Addis started a business to manufacture the toothbrushes once he left prison. This business was hugely successful and stayed under family ownership until 1996. Today it is known as Wisdom Toothbrushes and they manufacture 70 million toothbrushes a year, in the UK.
The Mac (Waterproof Raincoat)
Charles Mackintosh, a chemist from Scotland, developed a way to waterproof clothing using rubber, way back in 1823.
His idea enabled rubber to be placed inside fabric and maintain its shape during extremes in temperature during summer and winter.
In the 1990s the brand owner was Traditional Weatherwear and it was close to closing down business forever. Senior staff members bought the company and rebranded the coat as an upmarket fashion item. Fashion houses including Gucci and Louis Vuitton collaborated and the coat was back! In 20017 Mackintosh was bought by Tokyo’s Yagi Tsusho. Today it is a very popular fashion item and is still as practical as it was intended to be by Charles when he invented the fabric almost 200 years ago.
Back in 1847, a man named Joseph Fry discovered if you mixed the ingredients of cocoa powder, sugar and cocoa, he could manufacture a paste that could be moulded into a solid chocolate bar to be consumed… and if you ever wondered if there was a way to describe this treat that would maybe put you off chocolate forever, you just read it.
Thanks to Fry’s discovery, this got the attention of one John Cadbury. Cadbury introduced its own brand of chocolate bar in 1849. Fry and Cadbury chocolate bars were first displayed at a trade fair in Birmingham, and they became an instant hit.

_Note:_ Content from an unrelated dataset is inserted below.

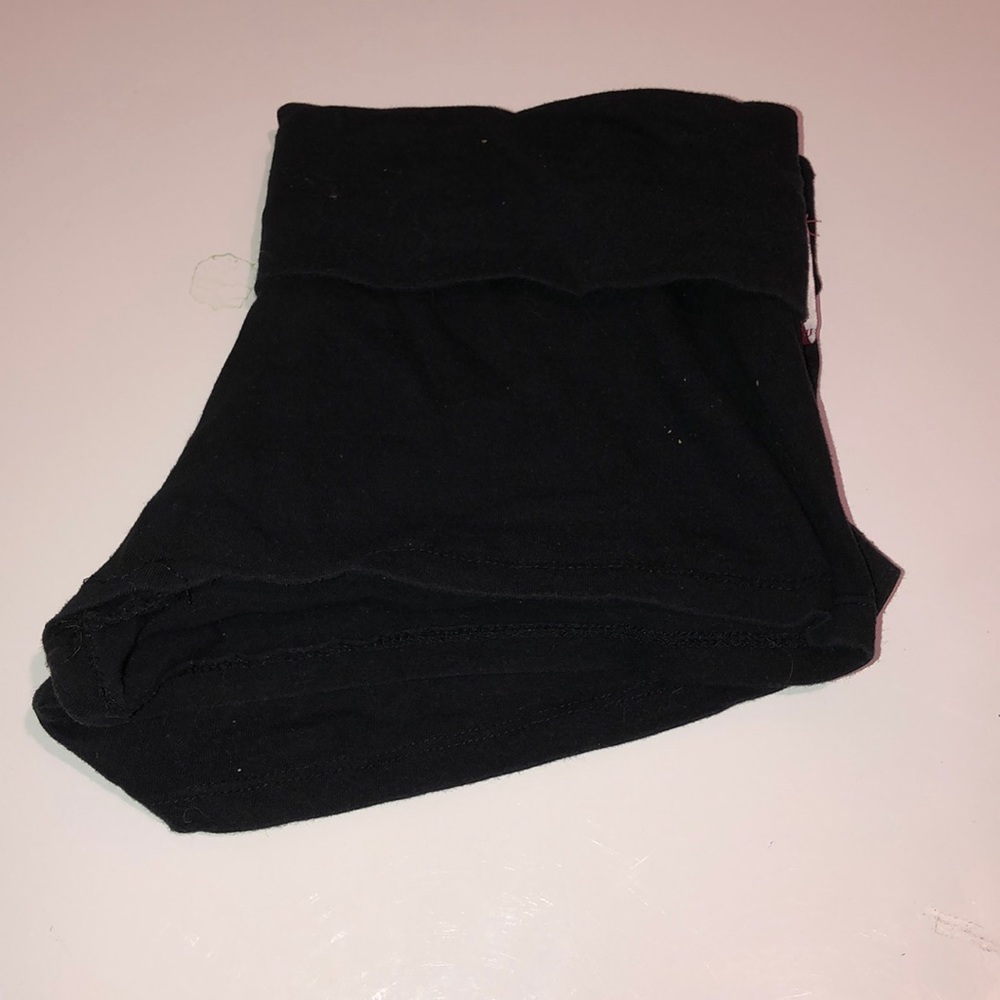 Black yoga booty shorts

Throughout the course of the century other brands such as Rowntree’s and Terry’s got on board and continued to expand the mass production of chocolate bars and of course, are still around today.
Light Bulb (?)
Of course, we all know that the light bulb was invented by Thomas Edison in October 1879, but you may be surprised to hear that Joseph Swan of Sunderland, England did the same thing in January of 1879. Swan had even given a public demonstration 10 months before Edison did. He also patented his invention 10 years before Edison. Swan even won a court case for patent infringement in the UK.
The reason that Edison is so widely credited with the invention is because his invention was meant for large-scale use to be used in electrical lighting utilities while Swan’s design was only to be used in standalone circumstances, with a short life-span meaning it wasn’t suitable for lighting homes and businesses.
The two ended up putting their heads together and founded “Ediswan” which sold lamps until they were bulldozed by the General Electric company in 1892.
Ways to quickly and conveniently start fires were dated back to the 14th century, but in 1826, John Walker of Stockton-on-Tees discovered a way (by accident) to start the fire and allow a continuous burn.
Walker was interested in finding a way to allow fire to be started easily which could then be mass-produced. Whilst working with several chemical mixtures he accidently lit a match that had been dipped in a lighting mixture by using friction. He had appreciated the value of this accidental discovery and the friction match was born consisting of wooden splints or sticks of cardboard coated with sulfur that were tipped with a mixture of sulfide of antimony, chlorate of potash, and gum.